Aaron Kessler, president of Powder Pass Nordic Club, similarly said he has persistent concerns with the plan, namely that the club is still uncertain exactly what areas will be impacted and when.

“We are a season-specific club, and if you’re going to use roads as logging roads, that is exactly where the ski trails are. There’s a giant conflict,” he said. “We would hope that before the actual removal of trees actually happens that the interested parties – the ski club and others – would be informed before any large changes actually take place.”

Jennifer Walker, a retired fire ecologist, engaged with the vegetation management plan and submitted comments to the Forest Service from a scientific perspective, and as a recreationist who skis both the established and remote trails in the area.

In an interview, she said she concurred with the agency that this treatment needs to happen based on past logging prescriptions that have left behind fuels buildup, and that “you can’t go wrong” with creating age and size diversity in timber stands.

“The best way to treat fuels is with fire; but if we can’t use fire, then we just have to do mechanical treatments,” Walker said. “I would love to have seen more fire, but I think they’re balancing what they can really do with recreation in the community would like to see, because certainly they don’t want to burn anything that has timber value.”

While clearcutting, which will be a treatment tactic used in the plan, can be controversial for its environmental impacts and scenic value, Walker said that in lodgepole pine stands, the action can mimic a natural stand replacement fire.

There is debate about what’s best for wildlife. Walker noted that elk and pollinators enjoy grasses and forbs that grow after a clearcut.

In its comments, the Bighorn Audubon Society emphasizes the perils for the American goshawk, a sensitive bird species that stands to lose 40% of its habitat on the forest to timber treatments.
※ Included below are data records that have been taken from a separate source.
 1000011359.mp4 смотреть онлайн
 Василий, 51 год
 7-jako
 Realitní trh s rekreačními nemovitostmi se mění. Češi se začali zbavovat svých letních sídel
The forest ultimately issued a finding of no significant impact of the treatments on wildlife habitat.

Rob Davidson, president of Council for the Bighorn Range, a local environmental organization, called for the forest to complete a more in-depth environmental impact statement instead of the more cursory environmental assessment, though that request was ultimately denied.
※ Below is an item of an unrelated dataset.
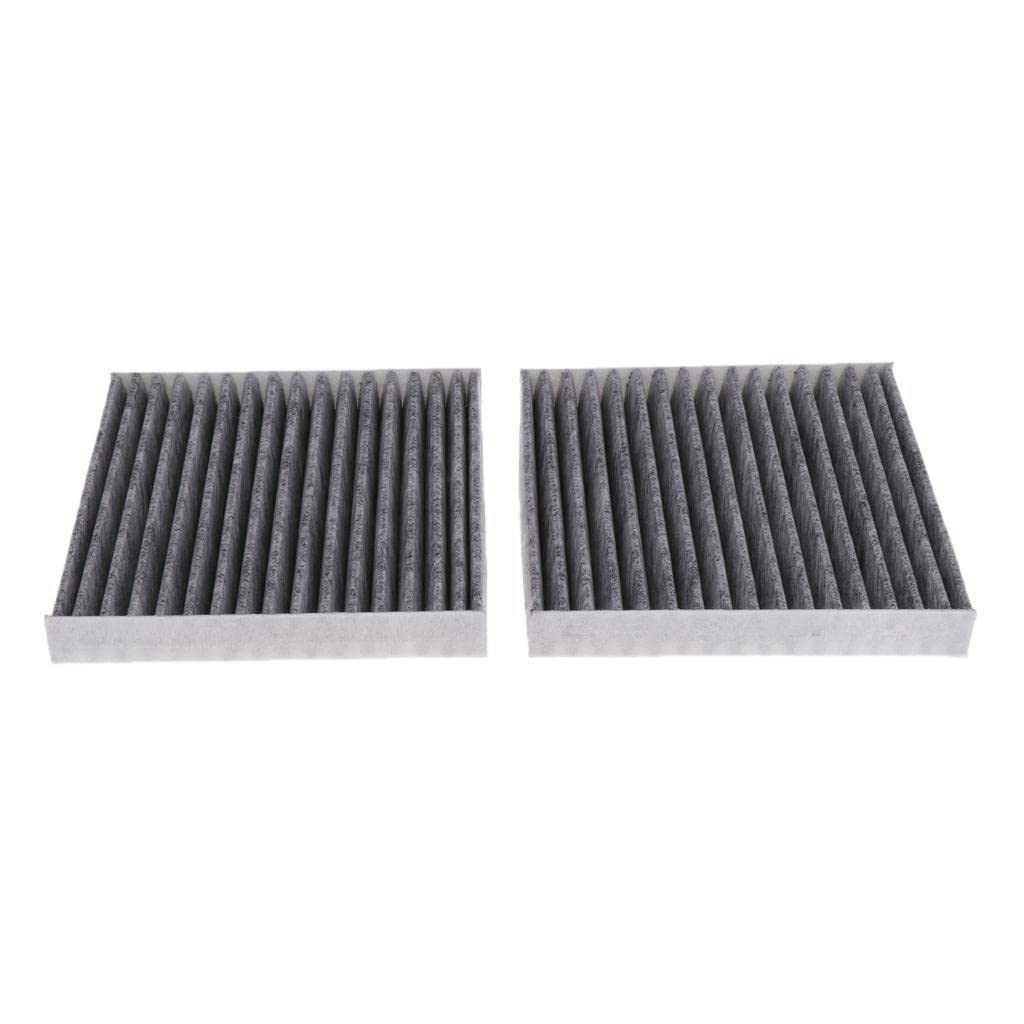 Engine Air Filter for B-image-36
Davidson said the council’s main issues were with the extent of wildland urban interface thinning treatments, road construction and use and wildlife monitoring.
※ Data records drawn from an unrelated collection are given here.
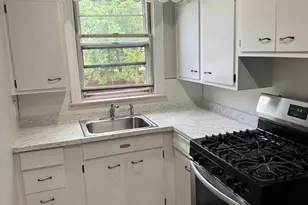 7823 Westview Ave, Upper Darby, PA 19082 - Photo 3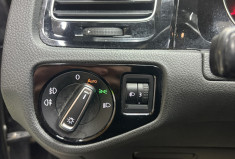 Volkswagen Golf VII 1.4 Tsi 125 Confortline / caméra / garantie 6 mois 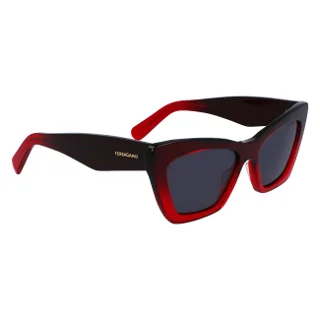 Salvatore Ferragamo Sunglasses SF929SN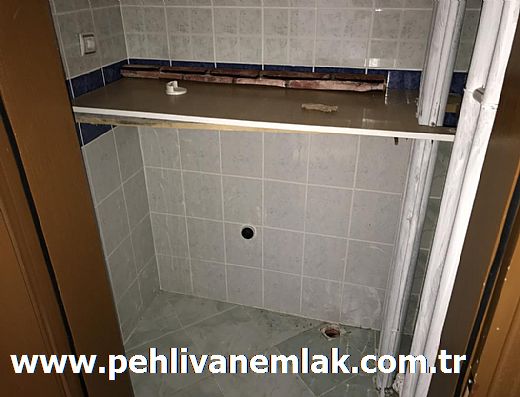 Hayalinizdeki Eve Bizimle Ulan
Those concerns go back to another Forest Service fuels project, the Buffalo Municipal Watershed project, and the fact that roads used in that project have not yet been reclaimed. Comments on other projects on the forest are considered outside of the scope of the project at hand in the NEPA process, though Davidson said it’s important to consider past projects.

“You judge them on past performance,” he said. “If it’s naturalizing roads, you say, ‘Hey, you’re not doing your job here on the Buffalo Municipal Watershed project.’”

When it comes to thinning that is said to protect the wildland urban interface, the council cites research that shows just 200 feet of treatments is necessary to create an adequate fuel break. That way, trees can maintain snow on trails. The Pole Creek plan has a one-third mile break.

For Davidson, the ideal plan includes aspen treatments to enhance riparian habitat and thinning to protect structures and other infrastructure, “but not to the extent that’s being planned.” He also noted that cabin owners should do their own mitigation on their properties to protect themselves in the event of a wildfire.

Rathbone said that the Pole Creek project is well positioned to slow down an ignition to the west based on prevailing winds that move fires in the area either west, southwest or northwest.

“You only have to go 6 or 7 miles in that direction and you’re at the forest boundary, and the forest boundary is just covered with homes at this point,” he said.

“We’ve all got to embrace the idea of taking proactive forest management more seriously if we’re going to avoid another Elk fire scenario,” Rathbone added. “I think, personally, the best time to have done this project would have been 20 or 30 years ago. But the second best time is now.”

This story was published on December 12, 2024.